You filter down the processes with PID values of 9076, 4800, 7944 on Procmon. However, there is an easier method. When you right-click on the top parent process of the malware and press the "Add process and children to Include filter" button, procmon will create these filters for you.
Since the malware we examined communicates over the HTTP protocol, you can detect the connections it establishes very easily using the Fiddler tool.
After running the malware, you can see that the process named “e-archive dekont.exe” on Fiddler communicates with the domain “5gw4d[.]xyz”.
When we examine the registry activities, you can see that the keys under HKLM\Software\WOW6432Node\Microsoft\Windows\CurrrentVersion\Uninstall are queried. There are settings under this key that are left by the applications installed in the system for uninstall. It is often preferred to enumerate this key to detect applications installed on the system by attackers.

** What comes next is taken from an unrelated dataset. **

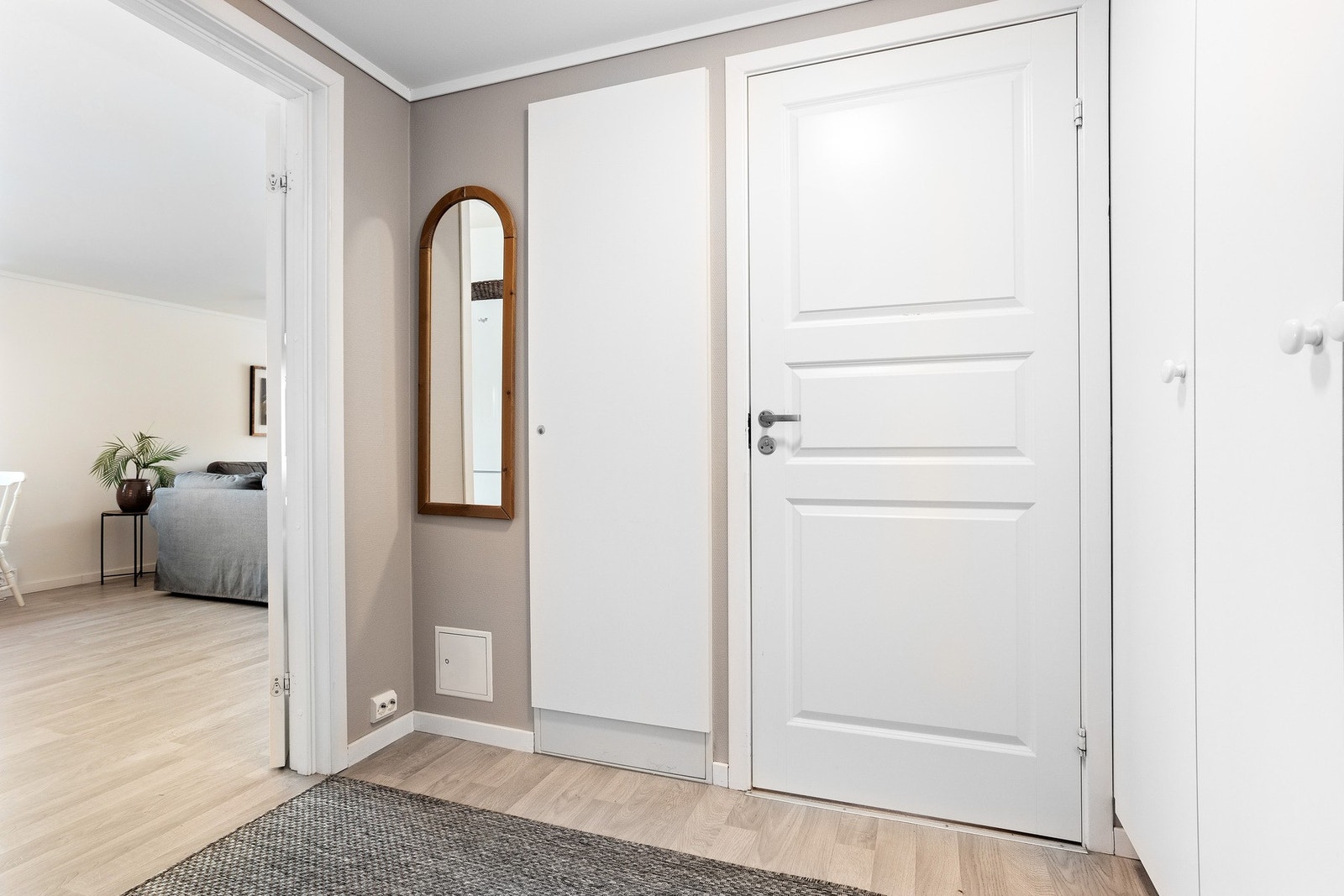 Entré med plass til garderobeskap Galleribilde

To detect malware file activities, disable the other three activities in the top menu of procmon.
You can enter a filter with Operation=CreateFile to see file creation activities.
When we examine the logs, we see that an executable file named "VbxFiQYCyFDgGL.exe" is written under the "C:\Users\Amanda\AppData\Roaming" directory.
When we look at the hash of the application named “VbxFiQYCyFDgGL.exe” with the tool called HashMyFiles, we see that it is actually the same file as the file we analyzed first. We see that the malware has copied itself to a different folder.
When we examine the file activities further, we see that the malware reads the files to steal information from applications such as Firefox, Chome, Thunderbird. We have determined that the malware we have is information stealer.
Now that we have completed the malware analysis, we can combine the information we have gathered. We have detected that:
- the malware has copied itself to the "C:\Users\Username\AppData\Roaming" directory with the name "VbxFiQYCyFDgGL.exe",
- has used Task Scheduler to ensure persistence,
- has enabled its own malicious application to run at every logon by creating a scheduled task with the name "VbxFiQYCyFDgGL"
- communicates with the command & control server, the command control address is “5gw4d[.]xyz/PL341/index.php” and it communicates over the HTTP protocol,
- discovers the applications installed in the system with the help of the key under the "HKLM\SOFTWARE\WOW6432Node\Microsoft\Windows\CurrentVersion\Uninstall" registry key,
- steals sensitive data from applications such as Chrome, Firefox, Thunderbird.